Make sure to let all of us here know how well it works. At least one person is interested in how well it works. Me!
My first experiment went okay, but I'll definitely use my bigger, steadier tripod next time. It's hard to not jostle the camera when using push-on filters. Tilt/shift jostling isn't as bad as rotation. Also not the easiest to do the mental math for 3 different filter exposures without the occasional mess-up.
How saturated the resulting image is varies based on how saturated you colorize each channel as well as the constrast curves and lightness values chosen on that step. I went with less saturated for this one as it's easy for rainbow effects to look too gaudy. Old uncoated lenses also don't look their best with too much artificial contrast.
Fall hasn't hit yet here, all the leaves in this photo are green in real life.
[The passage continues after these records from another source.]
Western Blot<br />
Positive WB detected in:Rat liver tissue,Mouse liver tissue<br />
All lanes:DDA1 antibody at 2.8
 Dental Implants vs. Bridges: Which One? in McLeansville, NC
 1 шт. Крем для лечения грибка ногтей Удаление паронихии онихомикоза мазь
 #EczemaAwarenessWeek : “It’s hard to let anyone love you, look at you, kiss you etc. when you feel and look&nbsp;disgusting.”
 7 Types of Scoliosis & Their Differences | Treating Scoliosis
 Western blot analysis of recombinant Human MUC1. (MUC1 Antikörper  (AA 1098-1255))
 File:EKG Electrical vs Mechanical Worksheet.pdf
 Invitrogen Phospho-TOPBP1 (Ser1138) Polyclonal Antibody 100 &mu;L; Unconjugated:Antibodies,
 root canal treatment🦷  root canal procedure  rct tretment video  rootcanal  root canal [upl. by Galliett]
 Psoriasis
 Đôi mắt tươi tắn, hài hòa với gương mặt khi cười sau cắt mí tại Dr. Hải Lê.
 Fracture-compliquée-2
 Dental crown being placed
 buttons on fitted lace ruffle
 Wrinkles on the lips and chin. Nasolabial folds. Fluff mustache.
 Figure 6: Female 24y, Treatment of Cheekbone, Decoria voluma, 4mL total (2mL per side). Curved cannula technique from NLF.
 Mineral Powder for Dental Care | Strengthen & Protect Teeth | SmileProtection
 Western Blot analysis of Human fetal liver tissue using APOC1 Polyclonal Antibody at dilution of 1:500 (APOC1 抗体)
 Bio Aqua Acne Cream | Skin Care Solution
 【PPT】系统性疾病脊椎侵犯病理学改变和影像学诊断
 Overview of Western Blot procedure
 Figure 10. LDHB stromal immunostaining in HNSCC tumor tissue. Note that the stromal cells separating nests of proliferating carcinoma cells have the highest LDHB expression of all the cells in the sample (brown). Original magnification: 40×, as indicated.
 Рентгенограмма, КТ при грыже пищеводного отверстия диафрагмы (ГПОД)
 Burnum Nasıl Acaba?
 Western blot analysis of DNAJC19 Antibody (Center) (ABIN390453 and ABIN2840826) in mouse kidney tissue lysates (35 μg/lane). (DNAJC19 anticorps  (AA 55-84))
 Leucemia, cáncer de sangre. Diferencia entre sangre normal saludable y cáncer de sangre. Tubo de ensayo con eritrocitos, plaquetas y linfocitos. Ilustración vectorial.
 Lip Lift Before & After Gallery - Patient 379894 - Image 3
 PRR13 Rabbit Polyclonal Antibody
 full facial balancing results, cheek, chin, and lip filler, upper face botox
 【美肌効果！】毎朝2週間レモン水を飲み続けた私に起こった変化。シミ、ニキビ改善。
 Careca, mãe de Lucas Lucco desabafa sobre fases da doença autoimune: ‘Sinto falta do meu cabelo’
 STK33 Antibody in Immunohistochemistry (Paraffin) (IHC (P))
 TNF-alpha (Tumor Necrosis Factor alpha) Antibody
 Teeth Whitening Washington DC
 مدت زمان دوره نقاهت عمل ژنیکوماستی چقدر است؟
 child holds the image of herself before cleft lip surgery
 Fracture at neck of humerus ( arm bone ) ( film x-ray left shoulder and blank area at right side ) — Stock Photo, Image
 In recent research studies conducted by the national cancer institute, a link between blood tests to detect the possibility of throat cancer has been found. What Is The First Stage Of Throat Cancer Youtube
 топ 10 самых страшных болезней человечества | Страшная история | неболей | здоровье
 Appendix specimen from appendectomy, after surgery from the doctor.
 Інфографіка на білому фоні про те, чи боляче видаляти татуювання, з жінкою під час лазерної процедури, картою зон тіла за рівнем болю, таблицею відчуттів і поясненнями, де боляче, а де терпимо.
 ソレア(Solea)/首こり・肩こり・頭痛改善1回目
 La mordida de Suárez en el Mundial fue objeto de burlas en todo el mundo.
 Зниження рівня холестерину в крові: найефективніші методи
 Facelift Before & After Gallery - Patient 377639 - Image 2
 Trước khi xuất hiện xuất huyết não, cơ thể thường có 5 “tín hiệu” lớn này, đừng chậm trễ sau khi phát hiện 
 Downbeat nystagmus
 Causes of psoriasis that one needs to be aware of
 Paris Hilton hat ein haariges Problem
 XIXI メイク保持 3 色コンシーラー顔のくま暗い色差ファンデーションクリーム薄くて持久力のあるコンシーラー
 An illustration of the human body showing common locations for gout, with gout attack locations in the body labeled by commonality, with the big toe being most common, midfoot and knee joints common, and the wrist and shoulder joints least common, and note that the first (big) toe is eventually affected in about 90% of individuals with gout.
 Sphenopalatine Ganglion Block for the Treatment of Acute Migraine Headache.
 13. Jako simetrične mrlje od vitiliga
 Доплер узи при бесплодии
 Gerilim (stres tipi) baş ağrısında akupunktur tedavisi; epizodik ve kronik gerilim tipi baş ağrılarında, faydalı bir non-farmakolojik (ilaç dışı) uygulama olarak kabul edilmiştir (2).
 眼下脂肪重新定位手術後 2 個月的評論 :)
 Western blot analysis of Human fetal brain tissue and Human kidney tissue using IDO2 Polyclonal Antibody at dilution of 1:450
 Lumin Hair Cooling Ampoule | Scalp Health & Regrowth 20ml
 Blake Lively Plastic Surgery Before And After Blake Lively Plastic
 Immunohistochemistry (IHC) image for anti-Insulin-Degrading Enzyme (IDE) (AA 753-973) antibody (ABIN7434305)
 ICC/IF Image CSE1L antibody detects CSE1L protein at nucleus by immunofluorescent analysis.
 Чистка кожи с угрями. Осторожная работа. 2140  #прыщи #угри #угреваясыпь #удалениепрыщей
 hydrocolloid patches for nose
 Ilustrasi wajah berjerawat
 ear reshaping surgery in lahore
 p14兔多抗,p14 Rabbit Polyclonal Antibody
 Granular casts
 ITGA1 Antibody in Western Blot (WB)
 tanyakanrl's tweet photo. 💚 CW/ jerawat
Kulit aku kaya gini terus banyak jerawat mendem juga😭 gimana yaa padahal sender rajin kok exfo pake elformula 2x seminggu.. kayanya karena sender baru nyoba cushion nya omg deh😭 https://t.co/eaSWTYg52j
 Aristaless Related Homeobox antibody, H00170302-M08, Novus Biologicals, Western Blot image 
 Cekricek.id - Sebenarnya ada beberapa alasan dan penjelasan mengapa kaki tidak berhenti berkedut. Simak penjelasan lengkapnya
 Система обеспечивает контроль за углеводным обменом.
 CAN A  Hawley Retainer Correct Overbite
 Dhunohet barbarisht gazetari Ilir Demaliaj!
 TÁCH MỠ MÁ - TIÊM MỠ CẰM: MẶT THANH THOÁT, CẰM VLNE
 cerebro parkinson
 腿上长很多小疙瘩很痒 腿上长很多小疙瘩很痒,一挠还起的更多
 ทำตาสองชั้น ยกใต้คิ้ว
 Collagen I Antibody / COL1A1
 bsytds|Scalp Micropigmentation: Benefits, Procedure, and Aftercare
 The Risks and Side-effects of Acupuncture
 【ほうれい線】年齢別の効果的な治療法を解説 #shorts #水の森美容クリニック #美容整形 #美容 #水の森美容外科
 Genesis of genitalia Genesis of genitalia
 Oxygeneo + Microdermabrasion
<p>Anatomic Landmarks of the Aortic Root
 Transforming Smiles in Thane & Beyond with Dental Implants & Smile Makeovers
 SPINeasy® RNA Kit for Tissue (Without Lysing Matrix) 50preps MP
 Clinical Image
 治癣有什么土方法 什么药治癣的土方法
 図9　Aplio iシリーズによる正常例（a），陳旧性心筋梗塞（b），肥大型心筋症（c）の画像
I try to pick something like old gray wood or a tree trunk as a gray point to color balance the image as well as register the frames.
I like how with trichromes movement becomes the subject very strongly because it literally gets highlighted with a rainbow.
It would be cool to have some type of filter holder that you could slide quickly between the 3 filters. These shots were taking quite a few minutes, when I see trichromes made by Prokudin-Gorsky I can tell from the movement of people that it couldn't have taken him more than 10 seconds for all the exposures because he had a sliding device on his camera.